I will not get to the mountains. I’ve been told as much, but you can’t swallow this kind of knowledge until you have some perspective.
I am in the center of a great salt flat. I don’t know how I got here, but I’ve been walking for 50 years. Behind me I see my tracks. I see my campsites fading into the distance. If I squint, I can even recognize a certain rock I passed when I was five years old. The trail I’ve left behind seems so small, now that I look at it. I started in the center of this unfathomable expanse, and I’m pretty much still in the center, as far as I can tell.

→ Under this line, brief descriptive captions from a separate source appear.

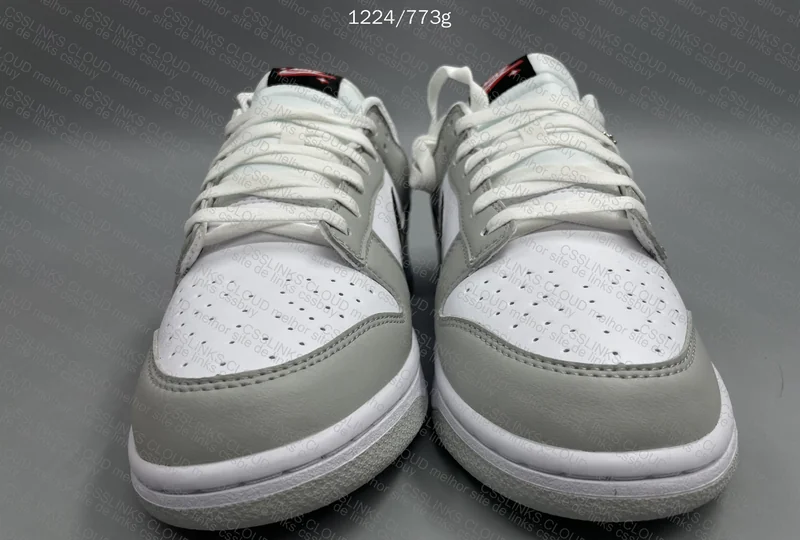 Dunk Lottery Gray VT (GL or RL?) 3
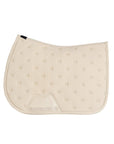 Saddle Pad - Jump - Stamp (Sand)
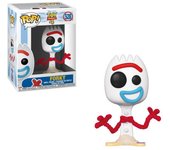 Funko Pop! Vinyl: Disney Pixar: Toy Story 4: Forky - Figura de Vinilo Coleccionable - Idea de Regalo- Mercancia Oficial - Juguetes para Niños y Adultos - Movies Fans - Muñeco para Coleccionistas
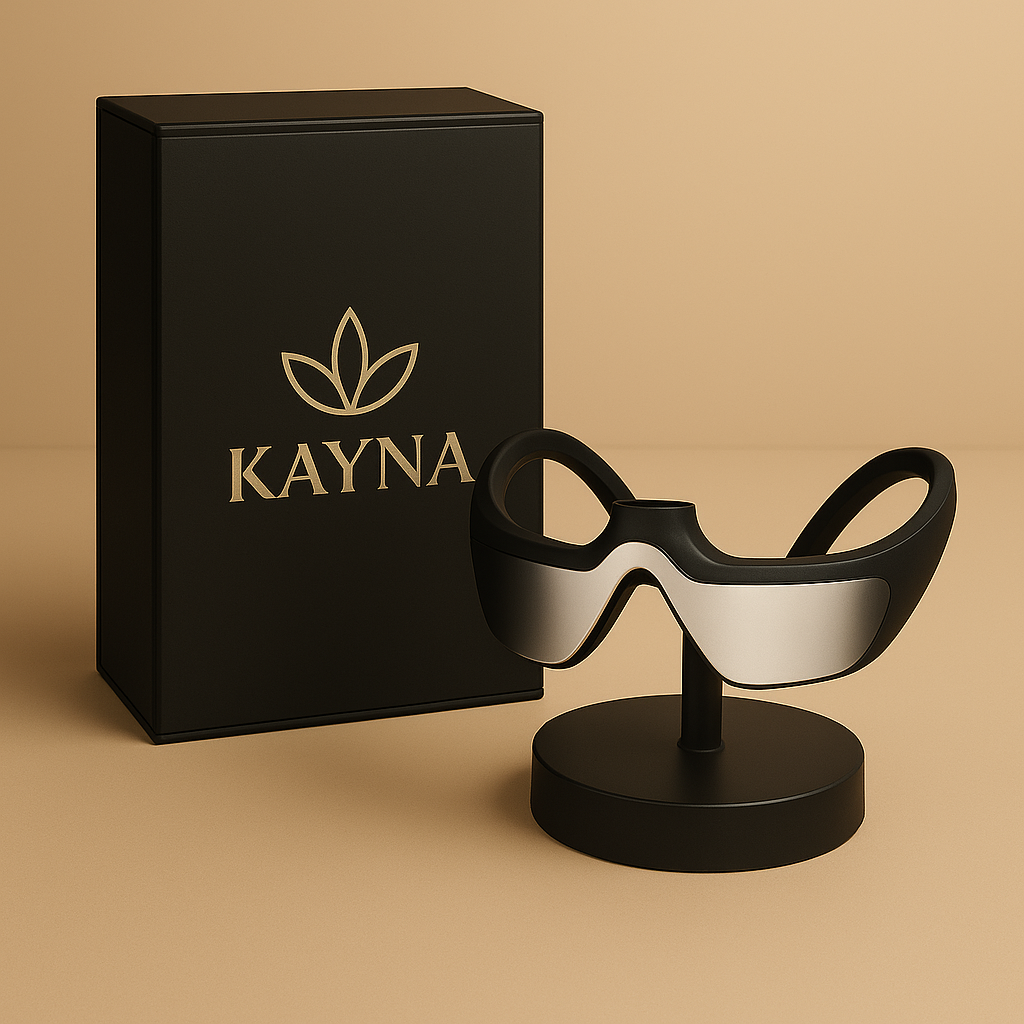 KAYNA™ EYE GLOW – Lift. Illuminate. Renew.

Looking forward I perceive a distant range of mountains, shimmering mirage-like on the horizon. They look no closer now than they did 20 years ago. If I had another 50 years and ran as fast as I could, I wouldn’t make any appreciable progress. I will die in the center of this flat land. I see that now. I see it, and I know it, and I believe it, and I feel it.
But those mountains. In my dreams I have climbed their peaks and looked back over this landscape with a god-like understanding. The mountains own me. They own my soul as human souls are often owned by music or art or love or desire or knowledge.
So lately I’ve been wondering about stopping and taking a closer look at the salt beneath my feet. Maybe draw little pictures in it with a stick while I smile at the pilgrims trudging by. If you can’t reach the mountains, you might as well get to know the trail.
I assume I will discover if this new insight will bring me peace or despair, if this knowledge will break me or finally make me graceful.